Dropbox has announced that it has reached a new milestone with it now having 500 million registered users. The company announced 100 million users in November 2012, 200 million a year later, and from then on it sped up and added more than 200 million users in just 13 months. The last 100 million users, i.e. to reach half a billion milestone, were added in less than 9 months.
The company says the numbers behind the expansion are global with users from across the world. Specifically Dropbox stated, that most consumer signups over the past nine months were from Brazil, India, UK, Germany and USA. It adds, that the same trend was seen for business users as well. Dropbox is based in the US but its user base makes it a global company as 75 percent of the company’s users are from outside the US.
Dropbox also shared that the service has reached another record as 3.3 billion connections were established amongst users over this time period, a 51 percent increase over the previous year. 44 percent of the new accounts were registered thanks to referrals from existing users who introduced their friends, family and colleagues to the cloud storage service.

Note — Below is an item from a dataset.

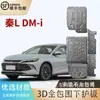 Chassi 25 Modelos Byd Tang Qin L Xia Dmi Han Ev Song L Plus Smart Drive Pro Yuan up Motor Bateria Protetor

When Dropbox reached 400 million users, it boasted that there were 50 countries around the world with more than 1 million Dropbox users each and that they were syncing 1.2 billion files every day, creating over 100,000 shared folders every hour, making 4,000 edits per second and using Dropbox at more than 8 million businesses. Dropbox has more than 150,000 paying customers including business users. These stats, however, were not updated though.
It is impressive to see that Dropbox adoption has increased again. When it launched in 2008, it had a head start but the competition much tougher nowadays as rival services are offering much more space with encryption, and that too without any cost. Much of its competition comes from Mega, Google Drive, Box and Microsoft’s OneDrive. Mega offers the best features and most space while Microsoft and Google have integrated services with their cloud services and have very deep pockets.
Perhaps Dropbox’s strategy to partner with Microsoft across mobiles and web, experimentation with tools for Chrome, Windows and Mac without any partnerships has helped maintain user adoption even with such competition. In short, maybe it is just too mainstream and people like to use it. But there have been some questions regarding the company’s $10 billion valuation and it has failed to succeed with any new service other than file sharing. Dropbox definitely has a tough road ahead if it wants those registered users to regularly use the service.